Entropic Latino40 Speech Database
Author: Jared Bernstein
Developers: Bill Grundy, Jared Bernstein, Elizabeth Rosenfeld,
Amir Najmi, Psi Mankoski.
Entropic Research Laboratory, Inc.
600 Pennsylvania Ave. SE
Washington, DC 20003
email: info@entropic.com
Introduction:
Entropic Research Laboratory designed the Latino-40 database to
provide a set of recordings for training speaker-independent systems
that recognize Latin-American Spanish. The resulting database, called
Entropic Latino40, was recorded in the period from 11 July through
9 September 1994, in Palo Alto, California.
The database comprises about 5000 utterance files. These files
include about 125 utterances from each of 40 different speakers, 20
male and 20 female. The recordings were all made with a high-quality,
head-mounted microphone (Shure SM10A) in an office environment, and
the utterances were digitized in 16-bit samples at 16 kHz.
Material:
The Linguistic Data Consortium provided 13,000 sentences that had been
selected (apparently from Latin American newspaper text) by people
working at Texas Instruments. No documentation was available on the
sentence set, and the sentences include a number of anomalous or
ambiguous forms. The sentences are all shorter than 80 characters,
and are not grouped into larger constituents like paragraphs or
stories.
Each of 13,000 sentences is identified by its own number sss1 through
sss13000. The set of sentences was divided into 13 distinct sets of
1000 sentences each, and each successive speaker read from the next
subset of 1000 sentences, rotating through the 13 subsets. For each
speaker, the first 125 acceptable sentences are included in the
Latino40 data base. It was necessary to reject 10 or 15 sentences for
many speakers, and as many as 150 for one speaker, in order to find
125 acceptable ones. The following is a sample of 20 sentences from
subset 3 that includes the longest sentence (sss3816) among the entire
13,000:
- sss3800 Hay problemas muy serios en estos momentos.

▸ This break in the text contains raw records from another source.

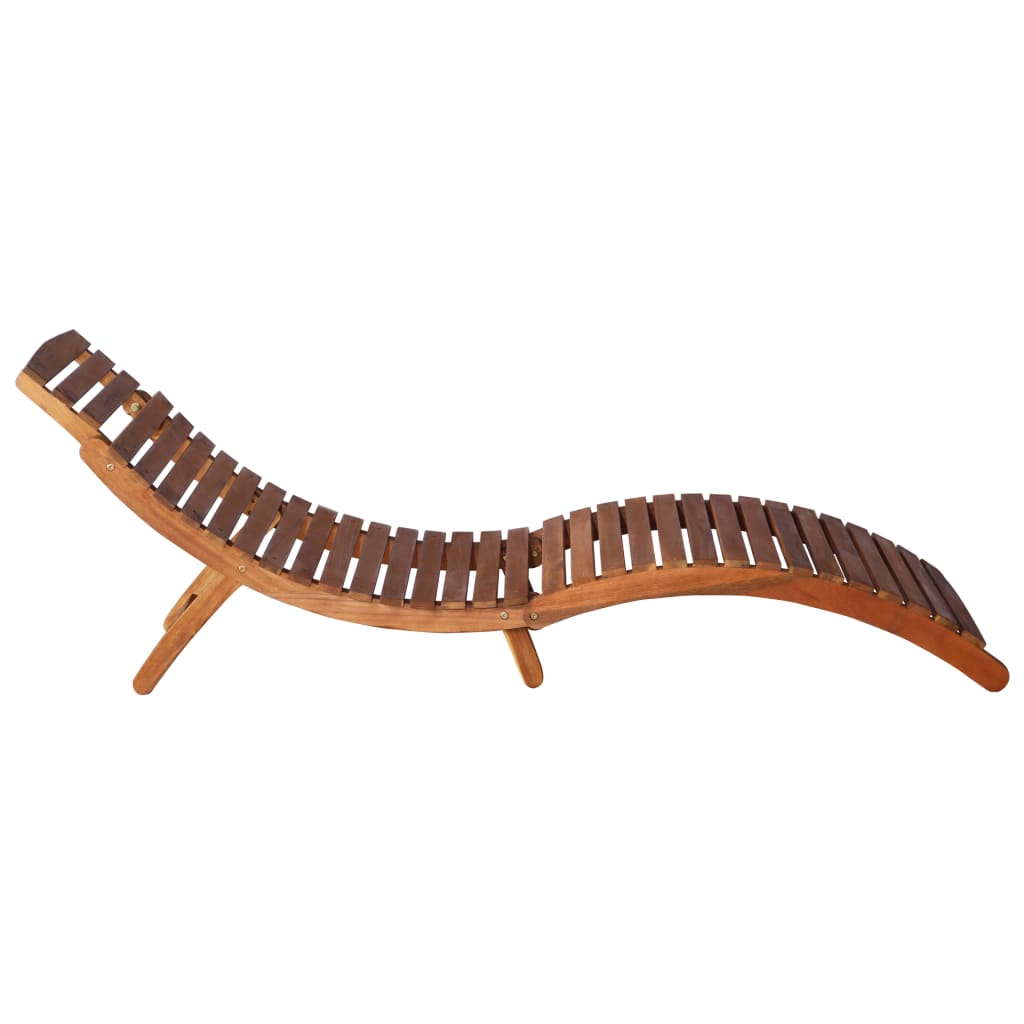 2 Piece Sunlounger Set with Table Solid Wood Acacia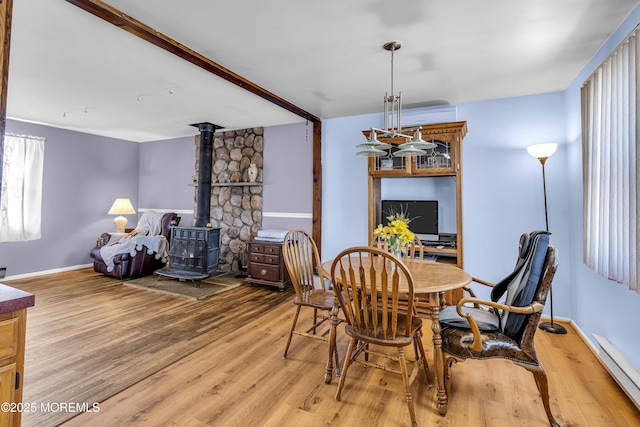 1341 1st Ave, Toms River, NJ 08757 - dining room featuring baseboard heating, a wood stove, and light wood finished floors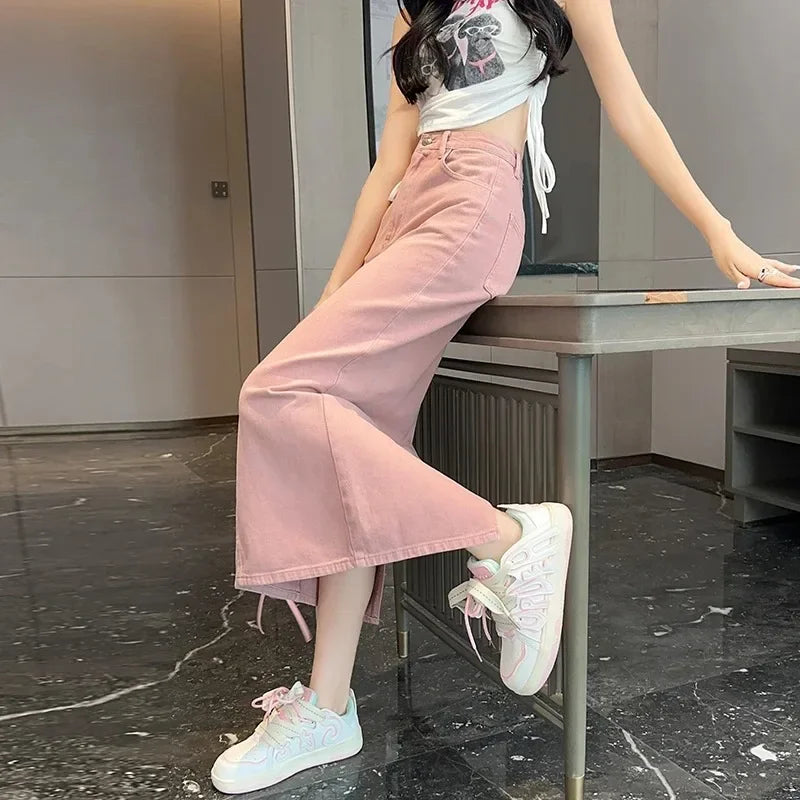 Cotton Denim Pink Skirt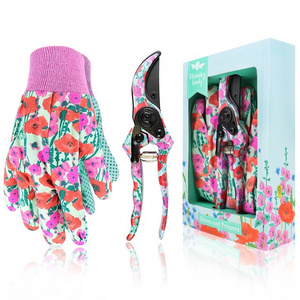 women Floral print Garden Hand tools and equipment Set for ladies with Gloves and Pruner pruning shear secateurs in Gift Box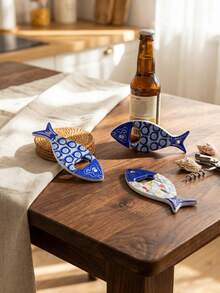 Cirelle Fish Bottle Opener Magnet - 3D Embossed & Gold Foil Fridge Magnet With Strong Hold, Functional Kitchen Decor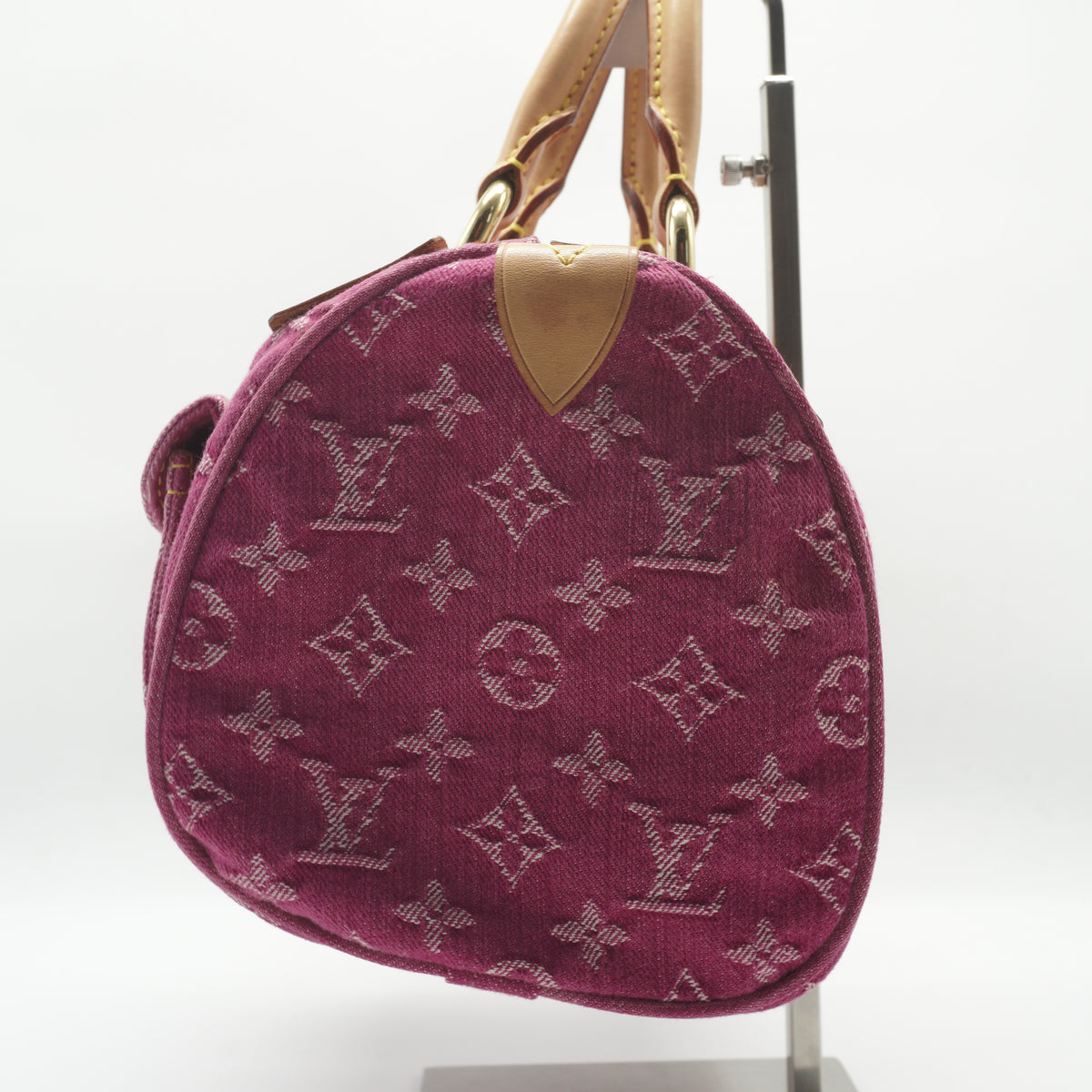 Louis Vuitton	Fuchsia Monogram Denim Neo Medium Speedy Bag GHW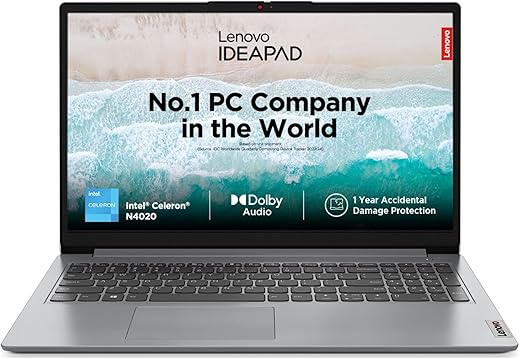 Lenovo IdeaPad Slim 1 Intel® Celeron® N4020 15.6 inch (39.6cm) Thin & Light Laptop (8GB RAM/512GB SSD/Windows 11 Home/Office Home & Student…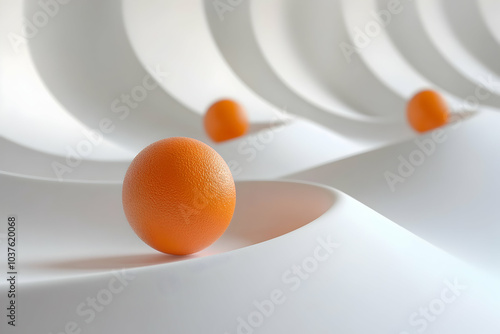 3d cartoon illustration of spheres rolling through a minimalistic pathway, with a focus on a single orange ball amidst twisting loops    photo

- sss3801 Se habman ilustrado varias caractermsticas.
- sss3802 A Venezuela y a Guyana les ira particularmente bien.
- sss3803 A su juicio, tal hipstesis era ticnicamente inadecuada.
- sss3804 No hacemos gestos porque no somos actores, aqadis.
- sss3805 Queremos un poco de seguridad para regresar.
- sss3806 Este lmmite maximo se aplics a tres escalas.
- sss3807 Si el Consejo acepta eso, no tengo nada que decir.
- sss3808 Esto puede lograrse a travis de una fsrmula legal.
- sss3809 No vamos a defraudar al pueblo, dijo Reina.
- sss3810 El economista de la firma, no lo cree.
- sss3811 Postergan juicios polmticos en contra de los ministros.
- sss3812 Esa es la parte facil, dijo el portavoz.
- sss3813 Tambiin se debe tener en cuenta otro elemento.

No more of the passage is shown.